PK IMM FISIPOL UMY
Fastabiqul khairat

Membumikan Gerakan Berbasis Riset sebagai Manifestasi Nilai Religiusitas, Humanitas, dan Intelektualitas dalam Ikatan.

Spread the love

Oleh : Muhammad Yasir Abdad (Anggota Bidang RPK IMM Fisipol UMY)

Geliat globalisasi dalam masyarakat heterogen saat ini menumbuhkan
problematika sosial yang kian kompleks dan memerlukan sebuah solusi yang inovatif, dan tepat sasaran. Fenomena yang terjadi berdasar pada fakta empiris menjadi satu hal yang perlu dikaji untuk memprediksi ikhwal kondisi sosial yang kian berkembang dan menimbulkan gejala destruktif dalam masyarakat. Ikatan Mahasiswa Muhammadiyah yang dikenal sebagai organisasi kepemudaan yang bersifat moderat, seharusnya mampu menjawab tantangan globalisasi ini dengan Tri Kompetensi Dasar yang menjadi ciri khas gerakannya. Pada posisi organisasi
yang berpegang pada prinsip keagamaan, kemasyarakatan, dan keilmuan inilah,

IMM dirasa penting untuk membangun praktik penelitian yang dimulai dengan sebuah paradigma sosial yang utuh dan berkelanjutan.
Melihat realitas yang ada saat ini, banyak akademisi yang melakukan
penelitian yang bersifat subjektif dan ditunggangi oleh unsur politik untuk
membangun kepercayaan masyarakat terhadap kepentingan tertentu. Keadaan ini menjadi sebuah gejala yang riskan ditengah gelombang informasi yang cukup massif namun masih dipertanyakan kebenarannya. Penerapan metodologi penelitian yang kurang tepat dengan fenomena yang dikaji, tendensi individual yang akan merubah keaslian fakta lapangan, dan desakan kepentingan politik menjadi hal yang merusak paradigma berpikir masyarakat dalam menyikapi sebuahgejala. Selain itu, hasil penelitian masyarakat yang terkesan grusa-grusu berimplikasi pada lahirnya kebijakan yang tidak sesuai dengan kebutuhan masyarakat. Permasalahan inilah yang kemudian menuntut IMM untuk turut andil
dalam membentuk konstruksi sosial yang mampu menghadapi tantangan
globalisasi yang penuh akan perebutan kepentingan dan bersifat merugikan masyarakat.
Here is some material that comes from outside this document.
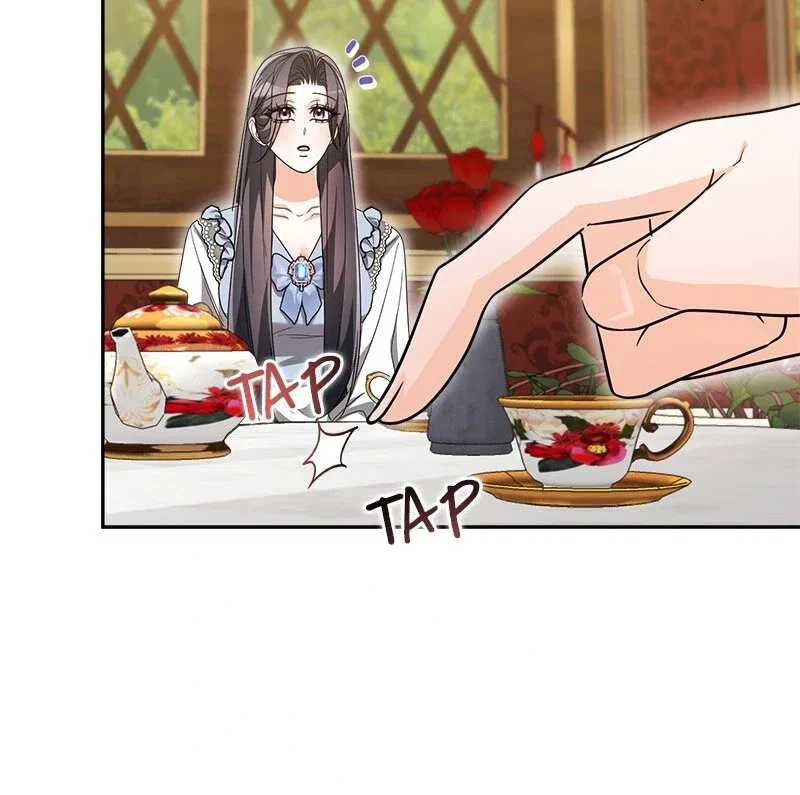 My Husband is Weak by Day, Strong by Night Chapter 52 – Page 11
Gerakan berbasis riset menjadi salah satu solusi yang dapat digunakan untuk menjawab permasalahan di atas. IMM yang telah dibekali dengan kemampuan penelitian, dapat mengaplikasikan hasil pendidikannya dengan melakukan penelitian sosial yang nantinya akan diimplementasikan atau diwujudkan dengan gerakan atau kebijakan di dalam ikatan. Melihat melalui kacamata analisis sosial, dalam hal ini IMM dapat disebut sebagai Ilmuwan yang termaktub dalam salah satu
tri kompetensi dasar, yaitu Intelektualitas. Sebagai Ilmuwan, mereka sudah
seharusnya mampu mengamati peristiwa, mengumpulkan data lapangan,
menganalisais hasil temuan, dan pada akhirnya menyimpulkan apa yang telah dikumpulkan dan mencari segala kemungkinan yang terjadi dari peristiwa tersebut untuk selanjutnya disampaikan secara komprehensif dalam bentuk laporan penelitian.


Hasil penelitian yang memuat fakta lapangan, dapat dirumuskan sebagai
indikator pembentukan kebijakan. Proses kebijakan merupakan setiap tahap penetapan agenda yang dilanjutkan dengan tahap formulasi atau penyusunan, adopsi, implementasi, penilaian atau evaluasi, penyempurnaan, hingga terminasi kebijakan. Pelaksanaan proses pembentukan kebijakan di sektor pembangunan
kesejahteraan masyarakat, telah memberi keleluasaan yang cukup beserta
kewenangan kepada peneliti dalam proses pembentukan kebijakan secara de jure, namun kenyataannya secara de facto, peran peneliti disini masih terbatas pada pelaksana riset untuk menghasilkan dokumen saja. Dalam hal ini, hasil penelitian yang ada masih belum mendapat link and match untuk memformulasikan kebijakan yang sesuai dengan kebutuhan masyakat berdasarkan fakta yang diambil dalam penelitian.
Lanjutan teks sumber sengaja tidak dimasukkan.